Foreign birth certificates must be translated into English and notarized.
A Clark County marriage license costs $60, although the state Legislature approved a bill that allows county commissioners to raise the fee by up to $14 in counties with populations greater than 700,000. Marriage license applicants can pay with cash, credit card, traveler’s check or money order.
Compare with the cost of a marriage license elsewhere:
■ $90 Los Angeles
■ $35 New York City
■ $76 Phoenix
■ $60 Hawaii
Marriage licenses are issued on the spot, as soon as the application is approved by bureau staff. Licenses are valid for one year, and there is no waiting period to get married.
Wedding ceremonies must be performed by a certified marriage official.
It is the officiant’s responsibility to send the marriage certificate within 10 business days to the county recorder. Certified copies are available the next day and can be ordered online, by mail or in person at the Clark County Recorder’s Office for $15.
How to get divorced
While Nevada is a wedding mecca, it’s also the divorce capital of the country.
For decades, it has had the highest divorce rate in America.
That the state is a divorce hub isn’t surprising considering divorce was one of the industries that put Nevada on the map. From the 1930s to the early 1960s, Nevada was the go-to state for quick and easy marriage dissolution.
In 1931 (the same year gambling was legalized), as a way to boost the local economy during the Great Depression, state lawmakers approved a bill that allowed essentially anyone to get a divorce as long as they lived in the state for six weeks.
Technically, Nevada offered nine grounds for divorce — impotency, adultery, desertion, conviction of a felony, habitual drunkenness, neglect to provide the common necessities of life, insanity, living apart for three years, and extreme mental cruelty — but officials required no proof. Many other states limited divorce to victims of adultery or outlawed it entirely and had yearlong residency requirements.
As a result, men and women from across the country flocked here to live on dude ranches for six weeks to bide their time until they could divorce. Historians estimate the divorce trade pumped $5 million a year into the local economy in the early days of the ranches.
A spouse may obtain a divorce in Nevada if he or she has at least one of three statutory causes:
2. Insanity for at least two years
3. Spouses have lived separately for more than a year
Nevada is a community property state, meaning income earned by either spouse during the marriage and all property bought with those earnings are considered equally owned. In a divorce, the property is split equally.
Nevada is also a “pure no fault” jurisdiction, meaning infidelity or other
bad behavior is irrelevant to divorce proceedings.
Joint petitions are the easier method, as they are used when both spouses agree on all issues, including custody of children, child support, alimony and how to divide property and debts.
Both spouses must sign the joint petition, then file it in Family Court. Judges typically sign the decree without a hearing because nothing is disputed.
Complaint for divorce
If you are ready to file for divorce but your spouse isn’t willing to sign the papers, you can file for divorce by yourself.

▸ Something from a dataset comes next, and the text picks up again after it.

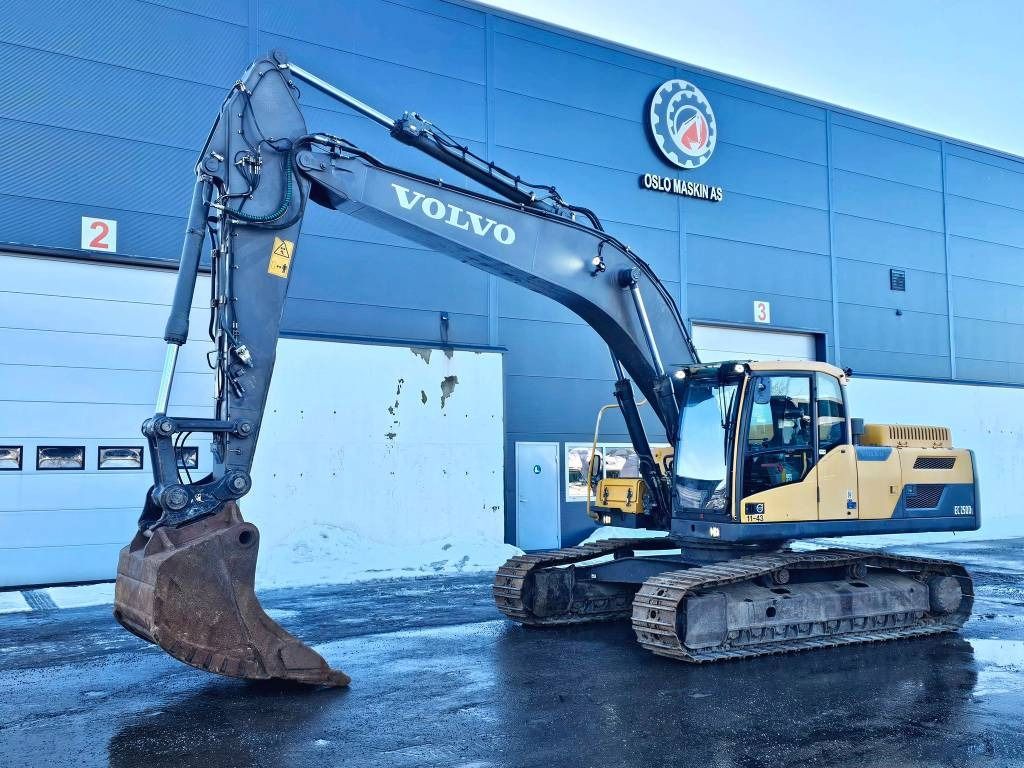 2013 Volvo EC250DL crawler excavator side view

You must fill out a complaint that outlines what you want from the divorce, such as custody of children and/or alimony. The person who files is the plaintiff; his or her spouse is the defendant.
Once the complaint is filed, the plaintiff must notify the defendant of the case by serving him or her paperwork. The defendant then has 20 days to answer the complaint.
Both parties are prohibited from selling community property, moving children out of state or harassing one another as the divorce case proceeds. Financial disclosures also must be filed.
Once the paperwork is complete, a judge typically sets a hearing date. Mediation for parents who can’t agree on custody or visitation also is common.
The judge also can issue temporary orders outlining where children live, child support or alimony payments and other logistics until the divorce case is settled.
The filing fee in Nevada for both types of divorce is $289.